Les images glauques se présentent un quelque peu comme un puzzle plastique : des éléments distincts sont facilement compréhensibles mais ce sont leurs rapports entre eux qui restent une intrigue. Il faut apparemment posséder les codes de l’image pour en comprendre le message, le mélange des genres brouille volontairement sa lisibilité. Cette figure de style bien littéraire consiste à placer dans une même image deux éléments qui ne devraient pas être accolés en temps normal, un assemblage étrange comme une difformité extravagante, un corps moitié humain moitié machine, une vision surréaliste et cauchemardesque, chimérique et hallucinatoire. Et ce même mélange des genres suscite la fascination du spectateur parce qu’il stimule les sensations du spectateur. Michel Guiomar tente d’expliquer le stimuli qui suscite une réaction d’ordre sensationnel, qu’il nomme phénomène, de la manière suivante :

« les phénomènes semblent parfois être des traductions directes de réactions psychologiques obligées : c’est sans appel au plan transcendant que le Rouge vif est couleur de sang et que le caractère immédiat de blessure, provoqué par la vision du sang, et donc par celle de ce rouge répandu, peut intervenir dans un tableau.
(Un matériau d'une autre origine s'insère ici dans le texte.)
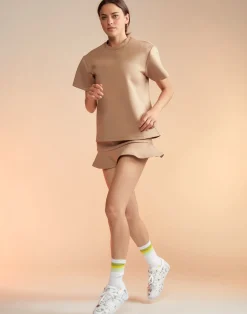 Sale Cynthia Rowley Bonded Mini Skirt CAMEL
Sans doute, même largement prodigué sur une toile non figurative, cette couleur-phénomène n’est pas une preuve d’idée de mort, mais elle situe l’œuvre dans un contexte de rupture physiologique, d’accident léthal. »

Le glauque est une vision altérée du monde, comme si nos yeux pouvaient voir l’intérieur de chaque chose. L’illusion de la présentation de la réalité doit être persuasive : cette vraisemblance provoque le trouble et donc la fascination. Le mélange des éléments vrais et vraisemblables, c’est-à-dire qui semblent réels, entraîne la perte des repères, des limites. Ce réflexe naturel peut engendrer à la fois la répulsion mais aussi la séduction, la fascination. Apprendre à apprivoiser cette esthétique du glauque, c’est voyager au centre du monde intérieur d’un cauchemar sublime. Mais il n’est pas toujours facile de regarder ces images-là.

Pourquoi regardons-nous ce qui n’est pas agréable à regarder ?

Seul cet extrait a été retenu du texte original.